Spam Blocking in BSD with spamd: Part Three (Greylisting)

greylistingIn part one and part two of this series, I discussed the advantages of using spamd and some basic configuration steps. In this article, I will cover greylisting in more detail.

The Problem

Spammers try to use other people’s equipment to send their messages. In addition, the software they install without the legal owner’s permission needs to be lightweight in order to run undetected. Moreover, spammers do not typically consider any individual message they send to be important. From this we can conjecture that the typical spam sender is probably not set up to interpret SMTP status codes correctly, if at all.

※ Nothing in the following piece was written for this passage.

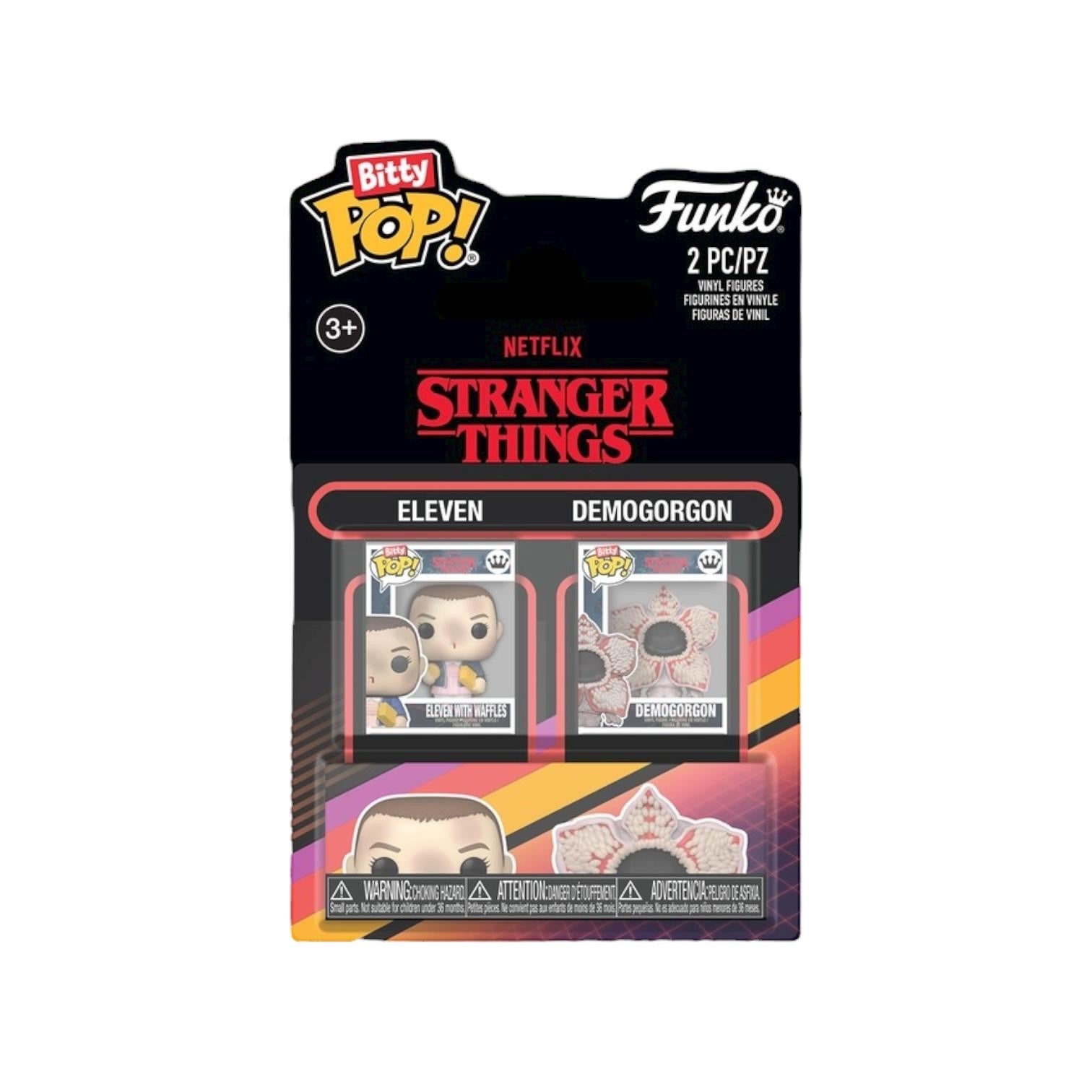 Funko Pop! Stranger Things packaging with two figures inside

The current standard for Internet e-mail transmission is defined in RFC 2821. Section 4.5.4 covers retry strategies, and subsection 4.5.4.1 covers sending strategies. This section specifies the following:

  1. Mail that cannon be transmitted MUST be queued and periodically retried by the sender.
  2. The sender MUST delay retrying a particular destination after one attempt has failed. In general, the retry interval SHOULD be at least 30 minutes; however, more sophisticated and variable strategies will be beneficial when the SMTP clients can determine the reason for non-delivery.
  3. Retries continue until the message is transmitted or the sender gives up; the give-up time generally needs to be at least 4-5 days. The parameters to the retry algorithm MUST be configurable.


The Solution

We can use these requirements to our advantage. When a compromised machine is used to send spam, the sender application tends to try delivery only once, without checking for any results or return codes. Real SMTP implementations interpret SMTP return codes and act on them, as explained above. E-mail, like most other Internet services, are described as best-effort services, with a significant amount of design and development being put into make services such as SMTP fault tolerant. Thus, real mail servers retry if the initial attempt fails with any kind of temporary error.
This is what is so elegant about greylisting. spamd reports a temporary local problem to the client. Well-behaved senders with legitimate messages will try to resend the message later, but spammers have no interest in waiting for the chance to retry, since it will increase their cost of delivering the messages. Thus, the spammers will keep hammering spamd, and will get greylisted.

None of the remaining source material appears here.